Know your bees (and what's not a bee)

Many people treat bees, wasps and hornets as interchangeable. Bees are fuzzy pollinators that can sting only once. Common bees include honey bees, bumble bees, and carpenter bees.

Wasps are not fuzzy, and therefore not as effective as pollinators. They prey on insects and can be more aggressive than bees. The only wasps that sting are females, but they can sting multiple times.

Hornets are a sub-species of wasp native to North America. They too can sting multiple times and are known for being the most aggressive of the three. Again, they are not the most effective pollinators.

Bees, wasps, and your backyard

If you've noticed an uptick in the number of bees or wasps on you property it's not necessarily a bad thing. If their numbers are low and you're not concerned about anyone's safety you may decide to leave them be. The bees and wasps will help you by pollinating your flowers, eating surplus insects, and leaving you well alone.

Some ways you can keep your backyard bees healthy include not using pesticides on your lawn or garden.
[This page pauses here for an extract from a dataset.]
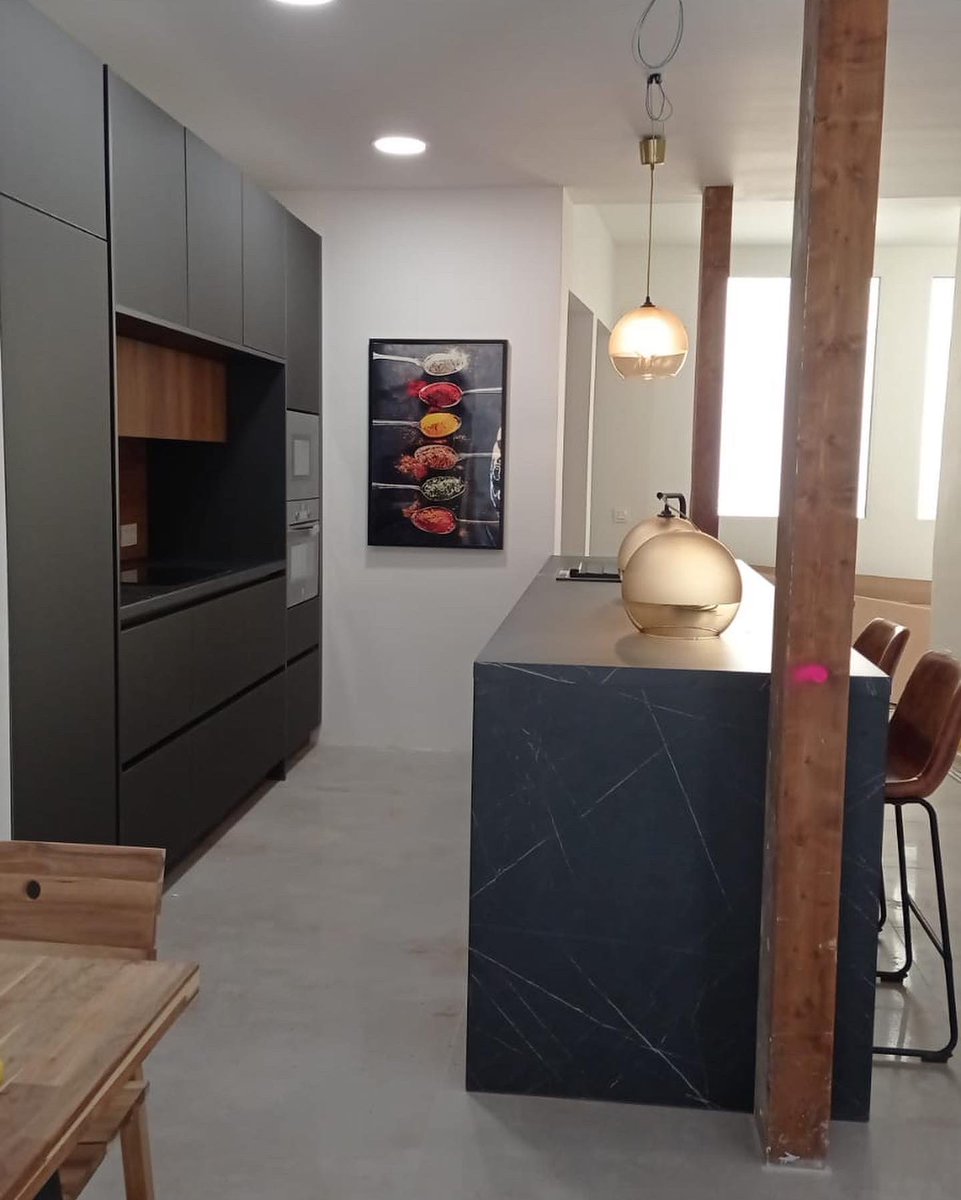 Cocina elegante y funcional, con isla central. 🏠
You could also plant more flowers and let your wildflowers grow freely to provide an extra nectar source for the local bees.

Too much of a good thing

If the bees in your yard have grown high in number, are becoming aggressive, or you are worried for the safety of your family (bee sting allergies can be life-threatening) then it might be time to take action.

To avoid becoming part of the problem of declining populations, call in a professional. Some pest control companies still use killing the bees as a solution. But there are companies that are more proactive and attempt to coax away bees and relocate them. Seek out no-kill pest control companies for help.

Your local beekeeper is also an unexpendable resource when it comes to learning what to do about bees. Many beekeepers will even relocate the bees to commercial honey-making hives.

With a bit of research and careful behavior, cohabiting with bees can be beneficial for us and for the little bugs that make our honey.